If the Dems actually cared about the 11 million immigrants without rights in the US, they would:

  • Be strong advocates. Talk every day about how immigrants are exploited and abused by corporations and the government. About families being ripped apart. About immigrants contributing to the economy without being given rights in return. About essential workers. About US responsibility for migration flows. About how the 100-mile border enforcement zone and other police-state measures hurt everybody.
  • Help organize unified national protests against immigrant exclusion. Support a “union of immigrants” to add muscle to immigrant justice demands. Hold public national hearings and consultations with immigrant justice activists. Include grassroots immigrant leaders in all Democratic meetings about immigration and spending priorities.
  • Punish Democrats who take anti-immigrant stands (like Manchin) by taking away their committee positions, Party financing, and endorsements. Openly criticize them for their reactionary stands and run alternate candidates to replace them. 
  • Clean the white nationalists and sadists out of the Department of Homeland Security. Close down ICE and return immigration oversight to the Justice Department. Set new policies to end the criminalization of migrants. End all detention for migrants.
  • Declare mass pardons or amnesty for undocumented immigrants, and expand the use of TPS. Use Biden’s presidential power to attempt to provide asylum and decriminalize immigrants. 
  • Stop the relentless attacks on migrants at the southern border. Follow international laws on asylum and refugees.

 But it’s become obvious that we can’t count on the Democratic Party on its own to speak or act for immigrants. JHISN believes that excluded migrants and solidarity activists must rely on ourselves by building a unified, national, non-partisan movement led by immigrants of all nationalities, starting from the bottom up.
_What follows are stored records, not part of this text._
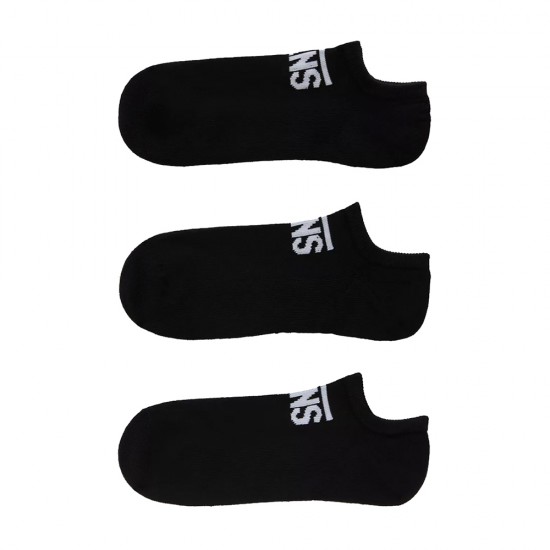 VANS SOCKS ΚΑΛΤΣΑ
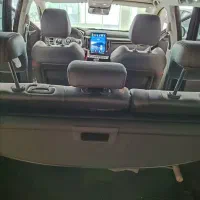 fmc t5 فردا|خودرو سواری و وانت|تبریز, |دیوار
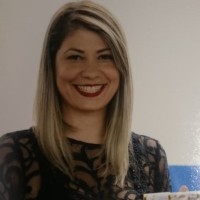 karin meira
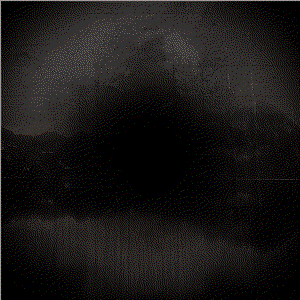Temporal Distortion Wave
Such a movement, which can only be led by grassroots immigrant justice organizations, must maintain its independence from the Democratic power structure and their corporate funders, even as it seeks to light a fire under the Party to do the right thing.

 Local immigrant justice groups are already generating the kind of heat that’s needed. On May Day, local immigrant workers and allies held a march and rally and staged a die-in to call out Congress for failing to deliver on a pathway to citizenship as promised. Among the sponsors were groups from our neighborhood: MTRNY (Make the Road NY), DRUM (Desis Rising Up and Moving), and NICE (New Immigrant Community Empowerment). The local actions converged with organized marches in at least a dozen other US cities.  
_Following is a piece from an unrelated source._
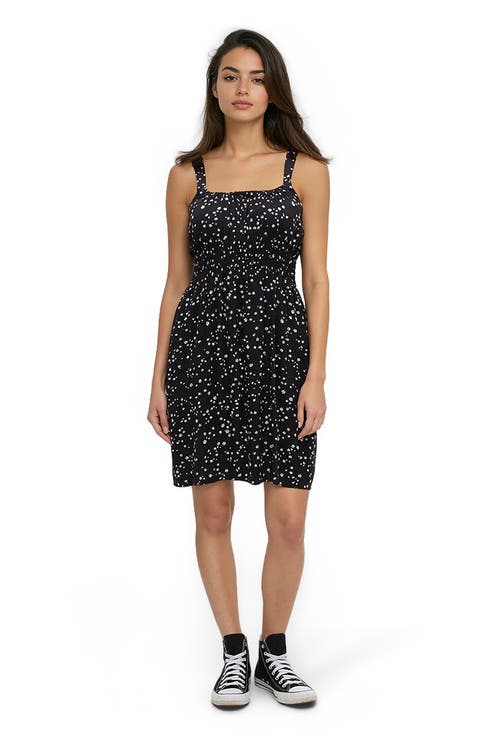 Overlook Dress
 The Democratic Party won’t support serious measures to help immigrants unless it is confronted with a powerful independent movement that holds it, and the rest of society, accountable. JHISN hopes, in solidarity with immigrant-led organizations, to help that movement become a reality.

WHAT CAN WE DO?
  • Support Movimiento Cosecha’s national campaign “Papers, Not Crumbs!” protecting the rights and dignity of undocumented immigrants.
  • Join marches and rallies by local immigrant justice groups demanding citizenship for all 11 million!